Rex jumped back and the man laughed.

‘Anton Sarpalius?’ asked Ambrose.

The painted man nodded.

‘Walter Freakley gave me your name. I’m pleased to meet you.’

He held out his hand and Rex recoiled at the thought of touching the scaly skin; he anticipated it would be as slimy as he imagined a snake might be. The man smelt strongly of sweat and tobacco,
but Rex noticed that he had long fingers, artist’s fingers.

‘I haven’t much time,’ said Ambrose.

‘I can work fast,’ replied the reptilian fellow. ‘What is it you wish me to do?’

Ambrose directed Rex to sit while he and Anton engaged in a whispered conversation. Rex took the opportunity to look around the room. Windowless and bare, apart from a couple of chairs and a low
table, it was small and hardly welcoming. There was a cupboard in the corner, the doors of which were half open, and Rex could see within an array of brown glass bottles, further convincing him
that this unlikely-looking man was a surgeon. Perhaps he was going to cure his father. He certainly looked ill. A noise caused him to glance over at Anton and he was shocked to see that he had
taken out a cut-throat and was sharpening it on a leather strap. Ambrose seemed to think that it was unnecessary and Rex was pleased to see Anton lay it down again.

Finally they shook hands and Rex knew that a deal had been made. Anton pulled the servant’s bell at the wall and a few minutes later the fellow from the front of the shop arrived with a
tray of drinks, one for each of them. While Rex enjoyed his sweet-tasting liquid, Ambrose and Anton watched him closely and sipped from their own wooden mugs in silence. The clock struck one and he
began to feel sleepy. Presently his eyes were so heavy he felt as if he needed pitchforks to lift them. He put down his tumbler. His head was swimming.
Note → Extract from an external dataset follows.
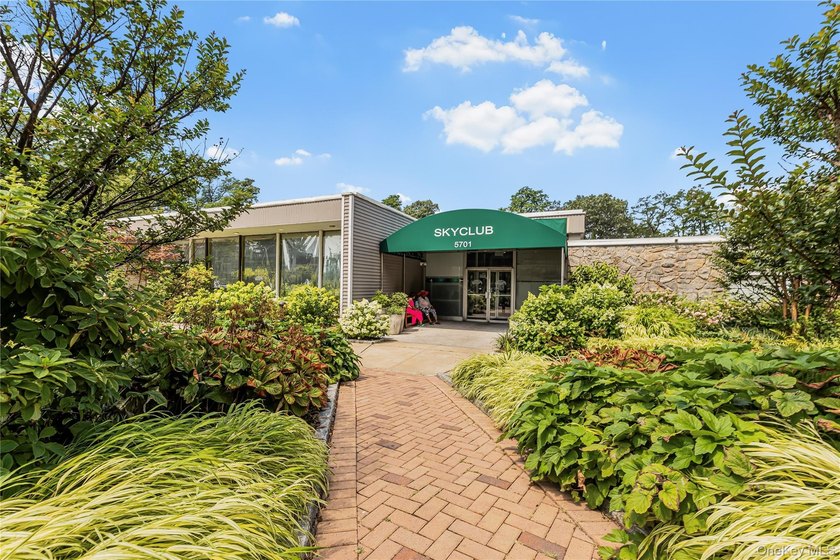 Spacious 1 Bedroom/1 Bath Residence With Private Balcony And - photo 21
‘Father,’ he began to say, but Ambrose only looked at him and smiled sadly. After that everything seemed confused. Rex remembered being taken to the table to lie down and the last
thing he saw was the face of the monster looming over him. And the last thing he felt was fingers running through his tangled hair.

The next sensation Rex had was the coldness of the night air on his cheeks. He was still lying on his back but now something was digging into him. Where has the ceiling gone?
he wondered, for he could see the incomplete moon and the stars. He felt sick and his head was throbbing. He was vaguely aware that someone was nearby. He began to think that he was in the middle
of a nightmare, that his father had not come back at all, but then he caught a strong whiff of decay and he knew that it was all very real.
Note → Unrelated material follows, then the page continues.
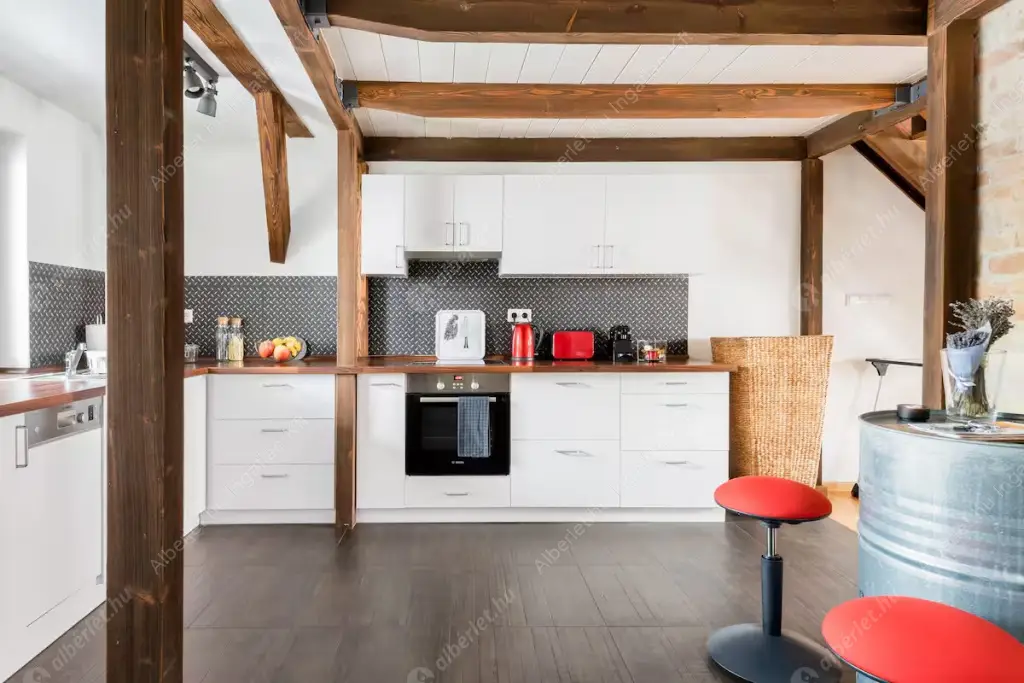 Kiadó albérlet 645000 Ft/hó áron: Budapest, VI. kerület  Ó utca. Mérete: 104 nm, 3 szobás | Alberlet.hu - 6632922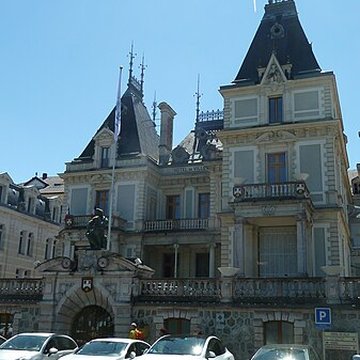 Hôtel de ville dÉvian-les-Bains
Then his father was standing over him. His eyes were shining in the light of his lantern.

‘Where are we? Where’s Mr Sarpalius?’

‘Are you all right?’ asked Ambrose softly. ‘How do you feel?’
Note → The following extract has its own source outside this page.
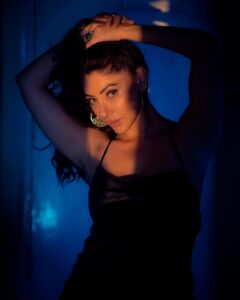 Reyhna Malhotra Instagram - Magic💫💫💫💫💫🌈
💙🖤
‘My head hurts,’ said Rex. He touched his scalp and when he took his fingers away they were sticky with blood.

‘You fell on the shingle,’ said Ambrose, staring hard at Rex’s bloody hand. His voice was strangely muted. ‘It will heal.’

Rex tried to focus on his surroundings. He sat up slowly, his head spinning and his ears ringing, and he could hear an odd crunching sound. He realized with a shock that he was on the stony
shore of the lake. ‘What are we doing here?’

Ambrose sighed and knelt down with difficulty. He put his hand on Rex’s shoulder and it felt very heavy. ‘Rex, there’s so much you don’t know, and I don’t want to
tell you, but believe this: I love you and I want the very best for you. You must promise me that you will not go back to Acantha. You were right about her – she is not to be trusted. I found
that out too late. I can only pray that she has shown a little humanity towards you and not . . .’ He didn’t finish his sentence, but coughed long and hard.